Report my Science Fair Experiment

On May 25, 1961, President Kennedy announced the goal of landing a man on the moon within ten years.
” I believe that this nation should commit itself to achieving the goal, before this decade is out, of landing a man on the Moon and returning him safely to the Earth. . . .”

I was in the third grade, the President was an Irish Catholic form Massachusetts and so was I (heck my Grandfather came from Ireland!). I can’t express to you how special he was to me and how excited I was to hear those words! I read everything I could about the planets and about space, I can remember making a space capsule out of a cardboard box. I drew a circle for a window and punched wholes in the window for stars. I eventually got a telescope for Christmas, I was able to subscribed to Harvard’s Sky and Telescope Magazine, I spent hours in the library reading about the planets.

By the time I reached the fifth grade my class was allowed to do a science project and mine was to build the planet Jupiter. I can remember taking a balloon covering it with cheese cloth and putting plaster of paris all over the sphere. I then painted it and brought it to school for my science presentation. I amazed myself, as I won first place!

By the time the sixth grade science fair came around, I was ready! My project this time was to use shallow boxes, sand, stones, plaster of paris and paint to produce the surfaces of Mercury, Venus, Mars, the Moon, and Pluto. I was busy all year in building and /or repairing the small surfaces. Remember, this was before satellites took close up pictures of the planets. All I had to go on were telescopic pictures and artist renditions of the planets. I made a total of nine surfaces and they were beautiful! I knew everything a 6th grader could know about the Solar System (at that time) and I discussed surface structures and theories about how they were formed. I won the Science fair that year and took awards every year after that, doing variations on the theme.

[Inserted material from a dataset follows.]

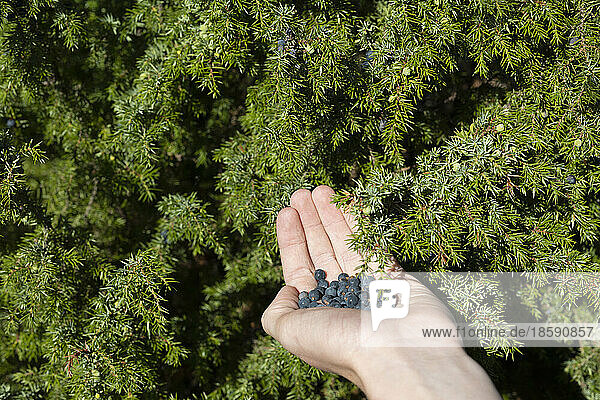 Boy (14-15) picking berries from shrub  close up of hand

During those years I wanted to be an Astronomer. As time went on I watched the Kennedy-like Captain Kirk take us to “. . .where no man has gone before.” And I believed it a certainty that we would be sailing past Jupiter by the time I was fifty. The dream fell apart when the Moon Projects ended and I found there was no major in Astronomy at any State College. For the rest of my life I have lived, like everyone else, watching space from afar. No more lunar landings, no adventures to Mars. But I remember a time when America was all about adventure, a time when even a child could hold a man’s dream in the palm of his hand.